Teacher Union Leaders Focus on Charter Schools Amid Dwindling Membership

Teacher Union Leaders Focus on Charter Schools Amid Dwindling Membership
Parents arrive with their children to Evelyn Thurman Gratts Elementary School as people rally in support of a teacher strike in Los Angeles on Jan. 22, 2019. (Richard Vogel/AP)
6/18/2019
Updated:
6/18/2019

During the January teachers’ strike in Los Angeles, unions dedicated a great deal of attention to charter schools, with some even accusing officials of hurting public schools.

At the time, Alex Caputo-Pearl, the president of the United Teachers Los Angeles (UTLA) union, told a cheering crowd of striking educators that the district was “[starving] our schools in order to justify cuts and justify handing more schools over to privately run charter schools.”

Soon after, Gov. Gavin Newsom told California’s Superintendent of Public Instruction Tony Thurmond to launch the California Policy Charter School Task Force, charged with assessing the impact public charter school funding has on tax-backed school finances.

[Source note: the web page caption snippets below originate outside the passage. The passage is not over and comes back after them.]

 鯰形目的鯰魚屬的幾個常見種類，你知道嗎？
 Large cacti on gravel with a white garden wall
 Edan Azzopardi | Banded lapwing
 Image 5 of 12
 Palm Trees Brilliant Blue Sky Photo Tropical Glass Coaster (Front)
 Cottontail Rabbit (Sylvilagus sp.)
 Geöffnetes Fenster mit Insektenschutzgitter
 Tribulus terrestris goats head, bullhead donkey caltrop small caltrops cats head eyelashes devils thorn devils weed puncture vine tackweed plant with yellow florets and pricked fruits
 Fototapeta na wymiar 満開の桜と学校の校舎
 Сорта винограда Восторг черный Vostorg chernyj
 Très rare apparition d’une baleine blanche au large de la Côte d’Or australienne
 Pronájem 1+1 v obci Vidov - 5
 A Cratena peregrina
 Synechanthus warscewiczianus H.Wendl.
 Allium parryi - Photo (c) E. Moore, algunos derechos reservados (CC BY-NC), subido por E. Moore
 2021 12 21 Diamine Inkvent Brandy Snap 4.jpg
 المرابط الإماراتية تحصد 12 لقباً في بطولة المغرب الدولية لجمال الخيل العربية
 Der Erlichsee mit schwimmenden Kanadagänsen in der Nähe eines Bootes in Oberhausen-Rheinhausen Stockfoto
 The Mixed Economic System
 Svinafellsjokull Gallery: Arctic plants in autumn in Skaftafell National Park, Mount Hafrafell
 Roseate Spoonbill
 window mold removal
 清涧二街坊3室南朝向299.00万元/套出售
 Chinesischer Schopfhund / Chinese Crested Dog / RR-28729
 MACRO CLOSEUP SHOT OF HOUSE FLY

In early June, the task force, which included representatives from both unions and charter schools, released its report, recommending stricter limitations on privately-run public charters. To many observers, this was an unsurprising conclusion, as charters often aren’t unionized at all.
With the rapid growth of the charter school movement in the state, unions are losing many dues-paying members. California’s union membership as a whole dropped by 86,000 last year, “the most dramatic decline in the nation,” according to a California Policy Center report. This may have prompted union leaders to push state officials to consider restricting the popular branch of public education.
However, Will Swaim, president of the California Policy Center, an educational non-profit, told The Epoch Times that many teachers who come in contact with the organization no longer see a benefit in remaining unionized.

“A very few [of school teachers] just want to keep the money they now pay in dues,” Swaim said. “But most object to the notion that the unions bring any value to public education.”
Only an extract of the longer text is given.